The past two week’s worth of training, in short, have been a Bruce Springsteen song. This one. Really, just one line in the song, then line about being tired and bored with myself. Because I am.
It’s still winter here, in case you missed the coverage of the snowmageddon and have spent the last week with your head in a bucket, which is totally your choice and I won’t judge. As I type, big, fat, fluffy flakes of snow are coming down. It’s a picture postcard of all that you could want a New England-y snow to be. It’s just darn scenic out there.
I dig winter. I like the hush and the thrill of new snow. Blizzards are cozy-making when you know you are warm and dry and well-stocked with the beverages and baked goods of your choice.
I am, however, so freaking tired and bored with schlepping to the gym to run very slowly on a treadmill that I might just bite someone.

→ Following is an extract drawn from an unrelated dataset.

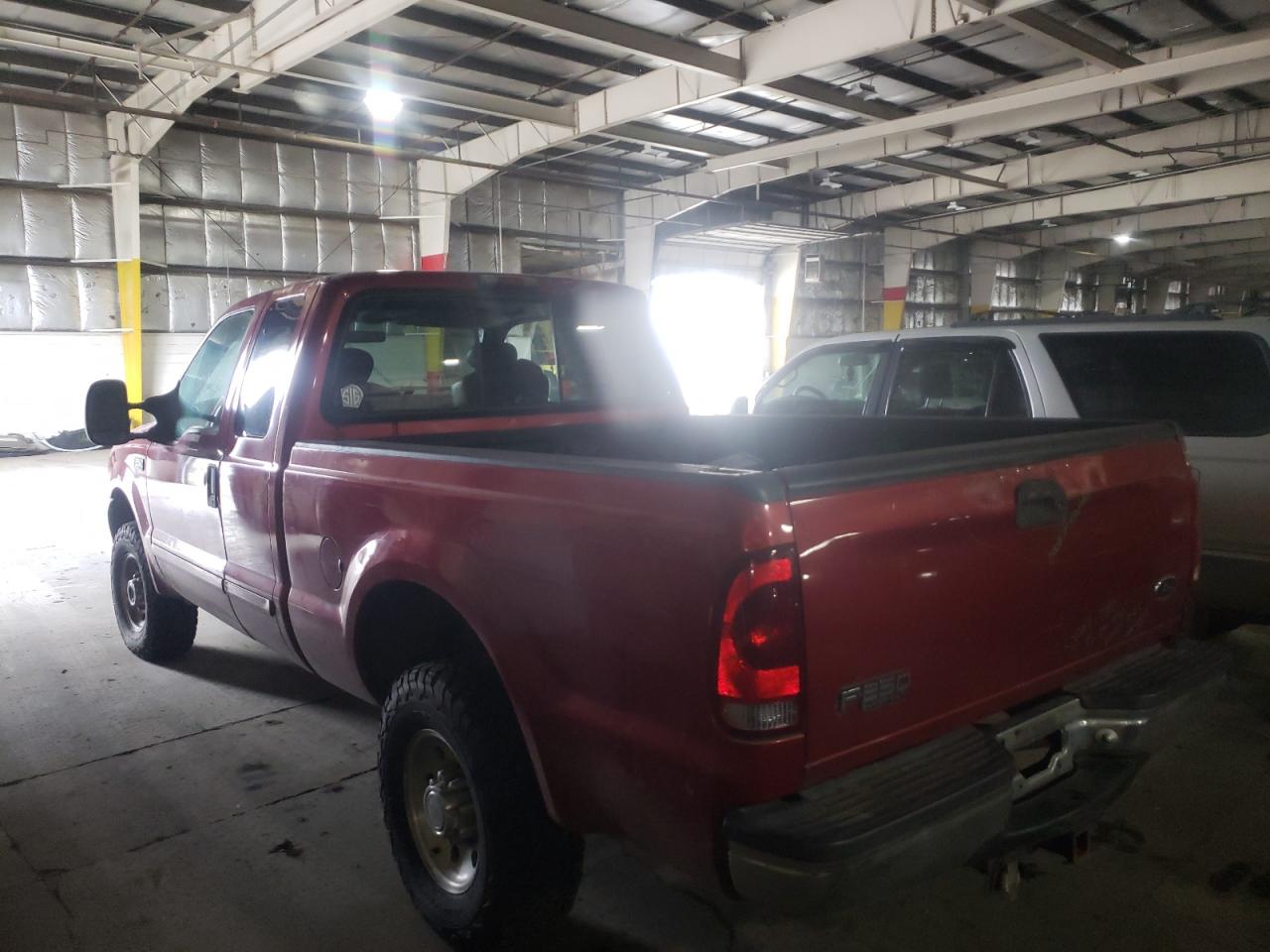 Photo 3 from auction – 2002 FORD F250 SUPER with VIN 1FTNX21F52EC59914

When my 6 a.m. alarm goes off, I just want to slap it back off again, not because I don’t want to run, but because I don’t want to get up in the dark, put on running clothes, put on sweatpants, tie my boots, grab my Brooks Ghost 6s and heart rate monitor and phone, zip my bulky parka, pull on gloves tromp out the door, brush snow off of my car, drive to the gym, clomp up to the locker room, strip most of the layers back off again, tie my sneakers, find an open treadmill, and run to nowhere.
I mean. Seriously. So. Many. Steps.
It doesn’t even feel like a thing that should be complained about because it’s such a First World problem. I have enough perspective to know that. I also am enough of an adult to know that before too terribly long, I’ll be able to yank on some running gear and start my workout from my front porch. Right now, however, all of the logistics required to get a simple run in are bringing me down. The fact that I am irked by something that is so not really a big deal is what has put me in Bruce Springsteen mode. I was tempted to not even write a column because it’s been such an enervating couple of weeks.
But here we are.
This past Sunday the weather co-operated long enough for me to take my long run outside. I want to say it was bliss — and it was lovely to cover seven miles on mostly clear sidewalks in not completely frigid temps — but it was still gross out there. Plus my heart rate wasn’t being terribly co-operative for the last 3 miles, which meant that I had to keep to an almost walk so that my ticker could stay in range. But slow and gross outside is still a change from slow and soul-crushingly dull inside so I’m putting it in the win column.
See what I mean? I just can’t shake myself out of this mid-winter running funk and grouse. Blarg.
One of the most useful expressions my Dad taught me is: You are entitled to the work; not the reward, which is what he’d remind me of every time luck didn’t happen to break my way. Over time, I’ve come to more fully what this means. All I can do is invest in the process itself and focus too much on the end result. And, right now, I am still invested — but am not enjoying it very much.
Which means that I’ve been spending a lot of my treadmill time thinking about where I would rather be running. This fantasizing may simply be making the situation worse, I know, but it’s the straw I’m grasping right now. When I’m listening to the AMR podcast, I dream about running in Portland, which I imagine is a lot like running through Middle Earth, with all of the trees and ferns and beards. I nearly never dream of running in Denver because the altitude might kill me. Besides, there’s snow there, too. Sorry, Dimity.
I dream even bigger, of course, and cruise through the Runner’s World Rave Run photos like a junkie. My current computer wallpaper is this one, even thought I'm pretty sure that location is under several feet of snow for most of the year. I wonder what it would be like to run in Hawaii. And New Zealand. And pretty much anywhere that isn't right here right now.
Help me come up with other ideas, mother runner. Where have you had your best runs, the ones where the temperature is perfectly cool and the scenery divine? Spare no detail.